Tuition Fees - The Fallout
It's with great sadness that I've watched the various stories surrounding the tuition fees unfold. While I don't condone violence in any form, I can't help but feel that a unruly minority has over-shadowed what is a very valid protest.
As you'll know, MPs voted in favour of the controversial rise to the student tuition fees, and while I understand that, of course, these universities need to be funded somehow, I can't help but feel that it's a very sad day for our country.
Yes, I do understand how the increase in fees will work. I understand that students will not have to pay these fees upfront; and that instead they will begin to pay these fees back once they enter the workplace and earn 21k or more per annum. I also understand that there will be enhanced maintenance grants for those students from the poorest families.
However, the point I most fundamentally disagree with is that this won't put off people from going to university. In fact, I feel strongly that it will.
It's generally accepted that under the new scheme, your average graduate will have amassed £30,000 worth of debt at the tender age of 21. Now that frightens me.
It doesn't matter that they haven't got to pay before they start university - the fact of the matter is that they'll most likely walk out of said university £30k in debt; and while these students won't have to pay it back right away - they're going to have to pay it back sometime, right?
I remember when I was at university; one of my classmates came from a family who didn't believe in education. So much so, they actively tried to convince him not to go to university. Now, I'm not sure what their issue was with education; he said they felt it was a waste of time, and that perhaps they were frightened by the idea that he thought he was somehow 'better' than everyone else.

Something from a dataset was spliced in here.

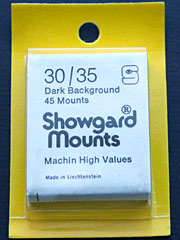 Showgard 30mm by 35mm Mounts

Much to their chagrin he elected to go to university anyway.
They offered him no support whatsoever; and I don't mean financial support; I mean emotional support. To all intents and purposes, they cut him off.
Now this was one very determined individual. But I wonder if even he would've put himself through it today. I'd love to think that he still would; but I'm really not so sure. How many others in his position today will see these fees as the final straw and just elect not to go? There are lots of jobs which are simply not open to you without a degree. How much potential will be wasted?
In recent years, we've seen university tuition go from being free, to costing £1000 per year, to costing £3290 per year - and now this - up to £9000 per year. What's next?
Has this government forgotten that a well-educated workforce benefits the whole of society, not just those who go to university?
Only time will tell how this will all play out. I, for one ,really hope that no-one who wants to go to university is put off by this latest hike in fees; and, sadly, it seems that hoping is all any of us can do right now.